What is needed is a word-for-word copy of the lines below from the one with "APMXQWIL Compatible With" through the one with "Support voor vrienden", both included, with every picture left out.
--- MATERIALS PROVIDED ---
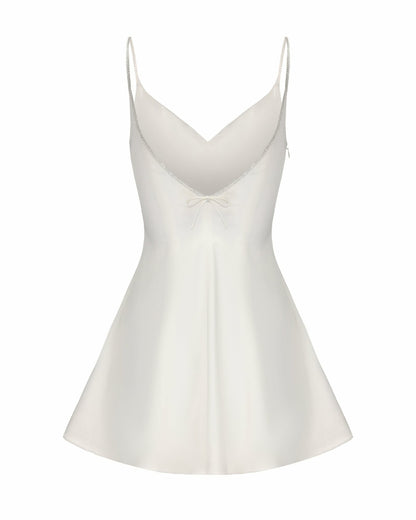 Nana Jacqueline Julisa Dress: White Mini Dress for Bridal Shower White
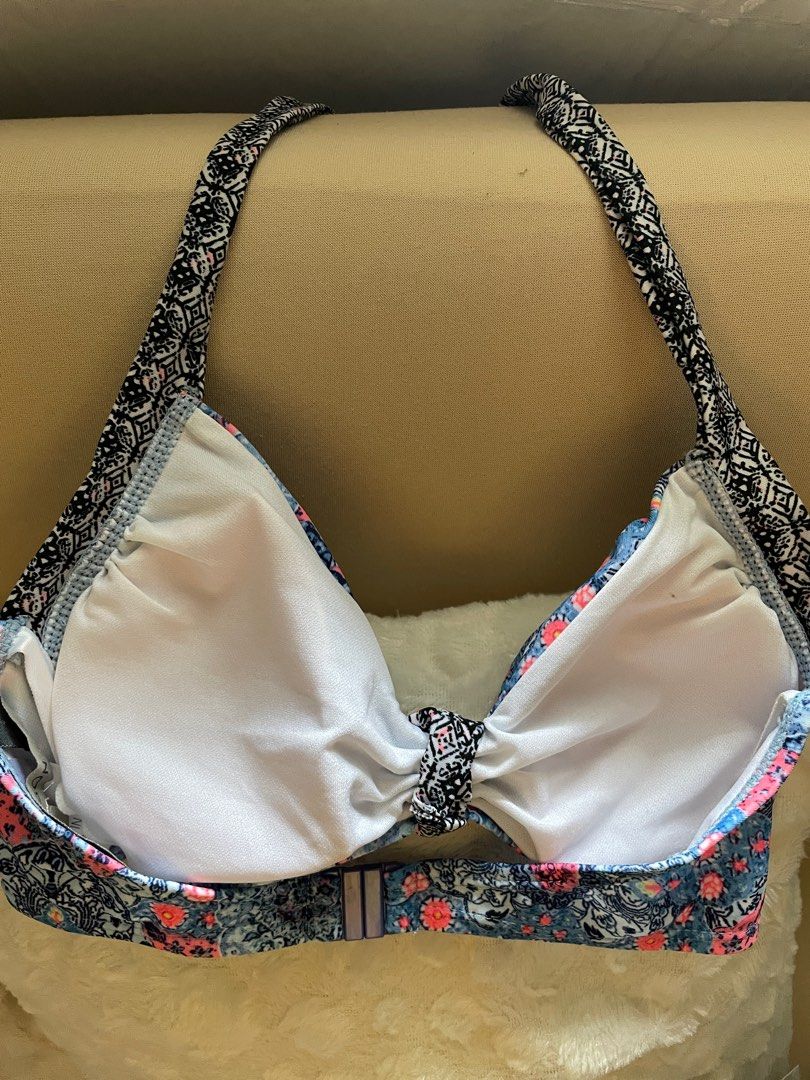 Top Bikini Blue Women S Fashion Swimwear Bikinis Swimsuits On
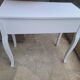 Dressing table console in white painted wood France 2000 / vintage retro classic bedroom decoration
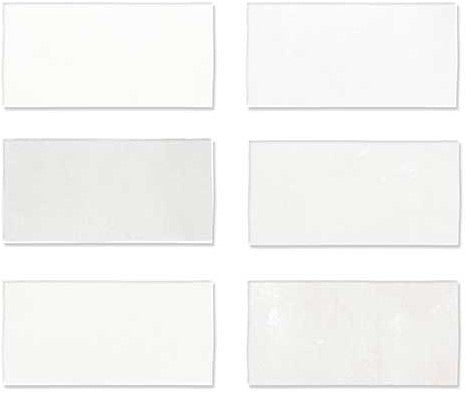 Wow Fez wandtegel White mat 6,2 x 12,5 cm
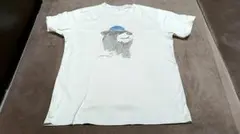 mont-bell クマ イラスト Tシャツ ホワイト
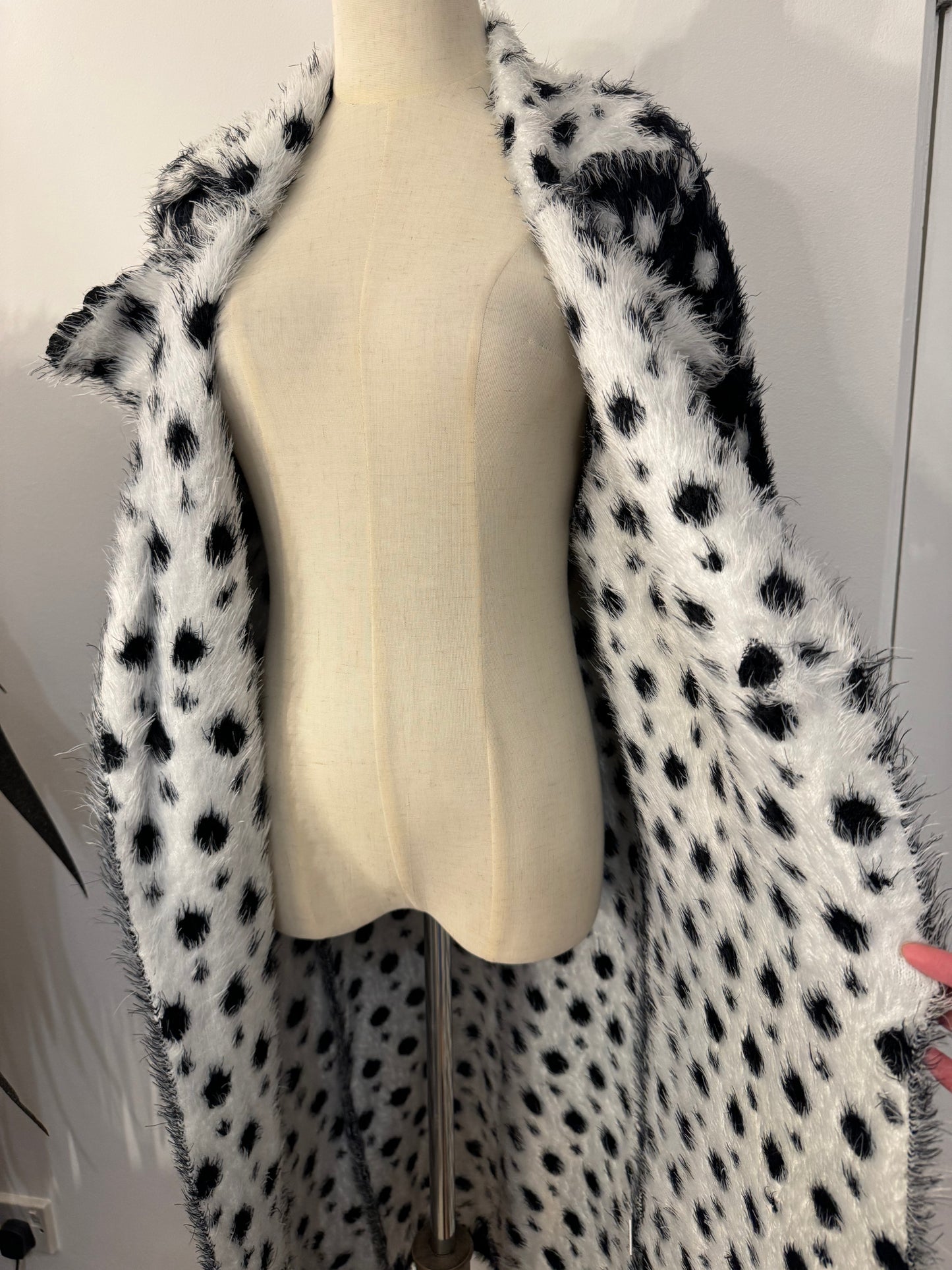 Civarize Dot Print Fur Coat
---
--- MATERIALS PROVIDED ---
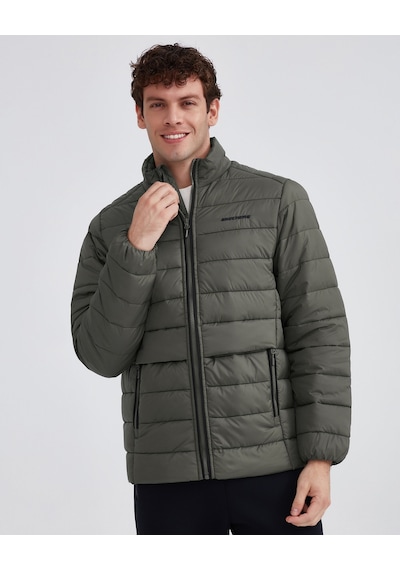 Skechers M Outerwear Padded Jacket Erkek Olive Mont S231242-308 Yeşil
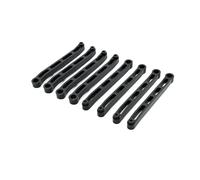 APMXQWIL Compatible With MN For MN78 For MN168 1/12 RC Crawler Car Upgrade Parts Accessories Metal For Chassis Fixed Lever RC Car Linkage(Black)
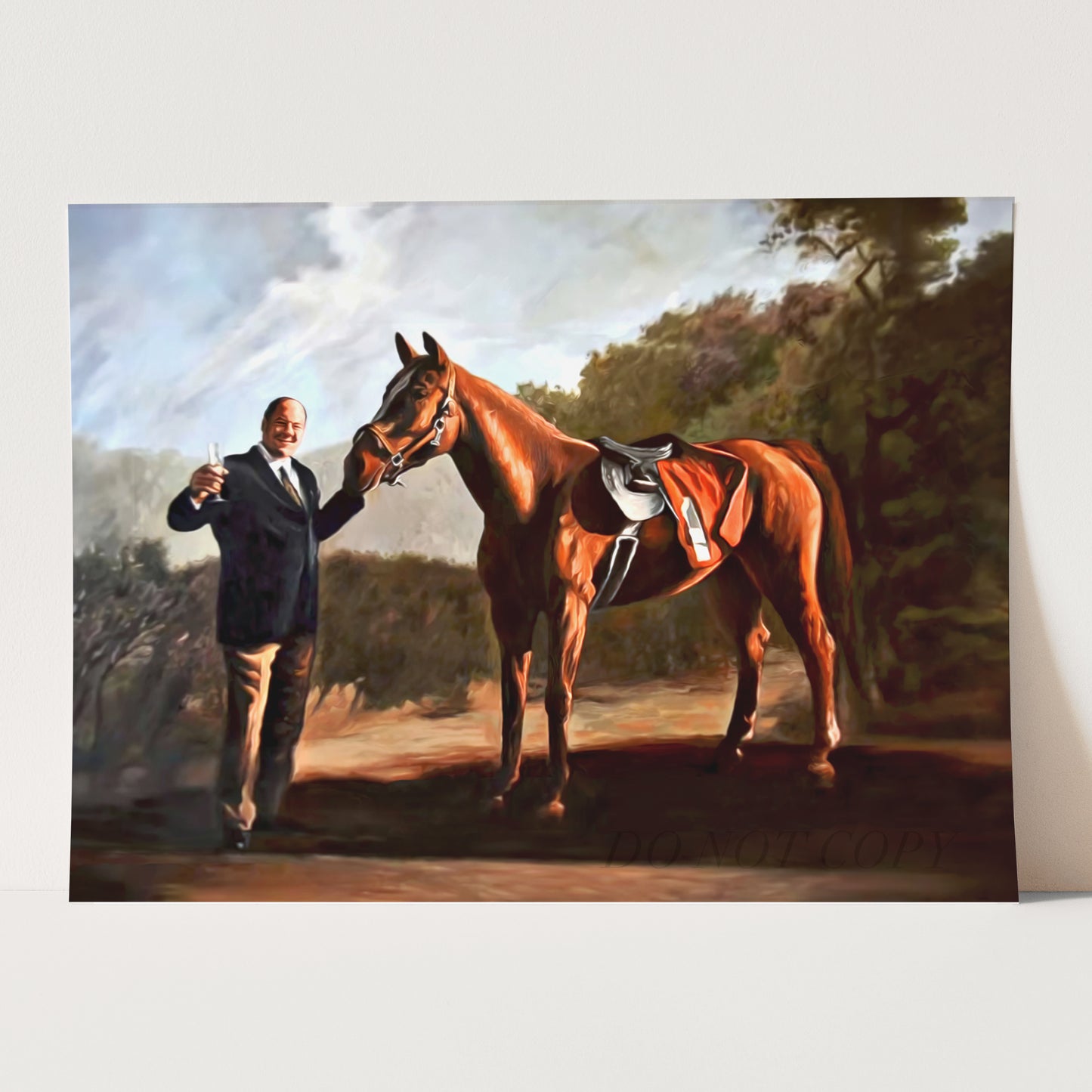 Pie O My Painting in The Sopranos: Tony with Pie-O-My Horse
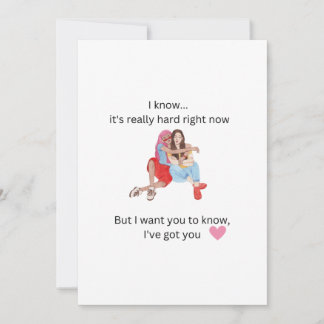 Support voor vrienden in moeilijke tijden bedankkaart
---
--- MATERIALS PROVIDED ---
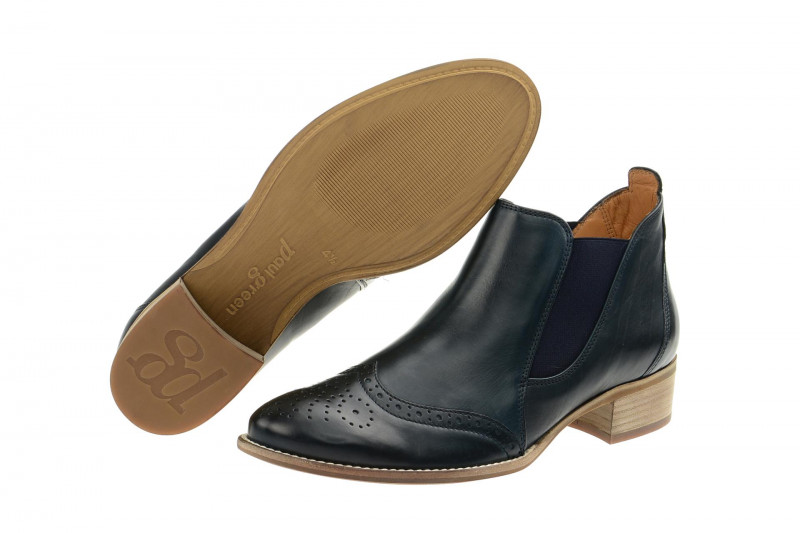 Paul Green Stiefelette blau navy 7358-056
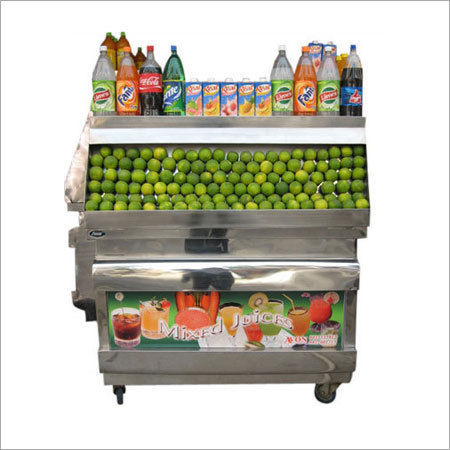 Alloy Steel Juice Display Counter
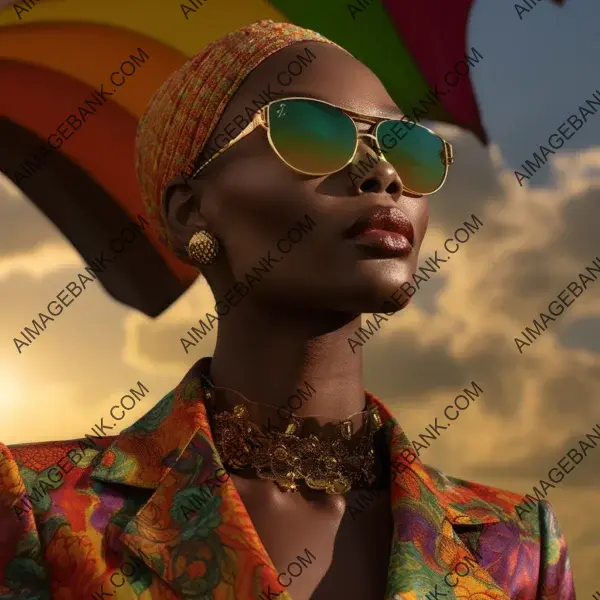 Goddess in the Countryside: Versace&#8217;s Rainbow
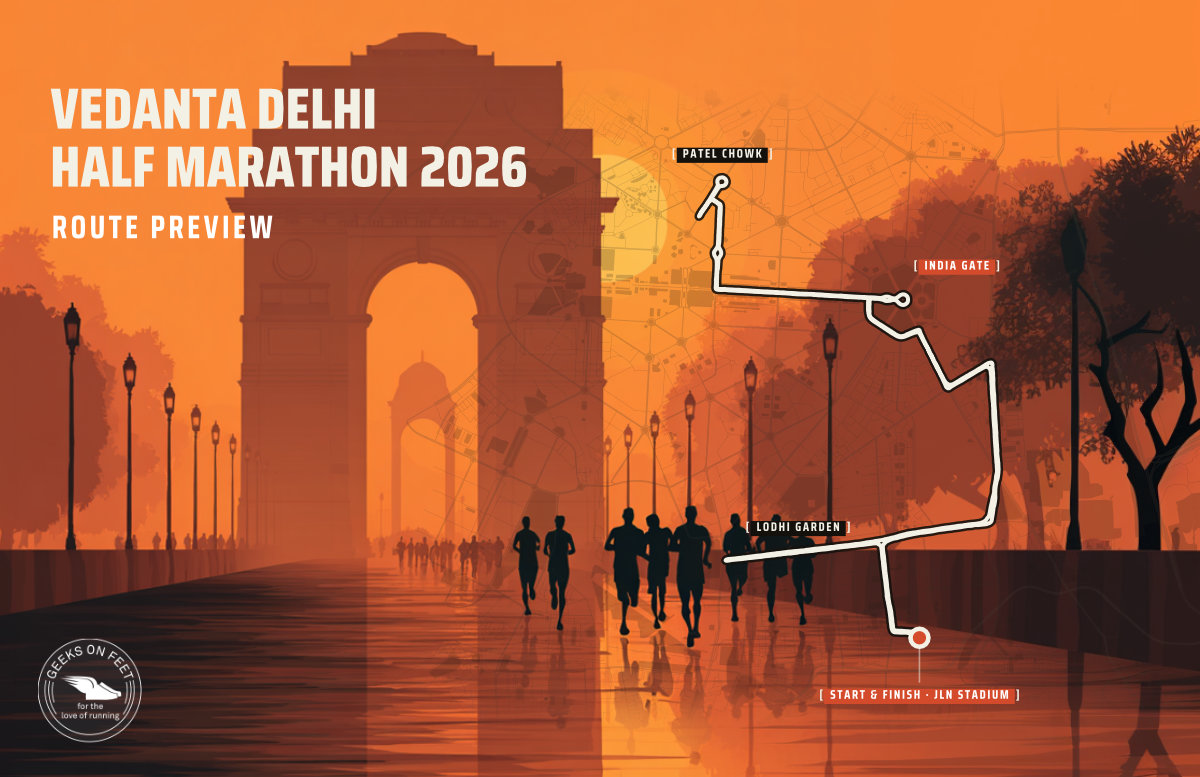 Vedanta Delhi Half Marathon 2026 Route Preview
---
ANSWER TO THE PROBLEM —
 APMXQWIL Compatible With MN For MN78 For MN168 1/12 RC Crawler Car Upgrade Parts Accessories Metal For Chassis Fixed Lever RC Car Linkage(Black)
 Pie O My Painting in The Sopranos: Tony with Pie-O-My Horse
 Support voor vrienden in moeilijke tijden bedankkaart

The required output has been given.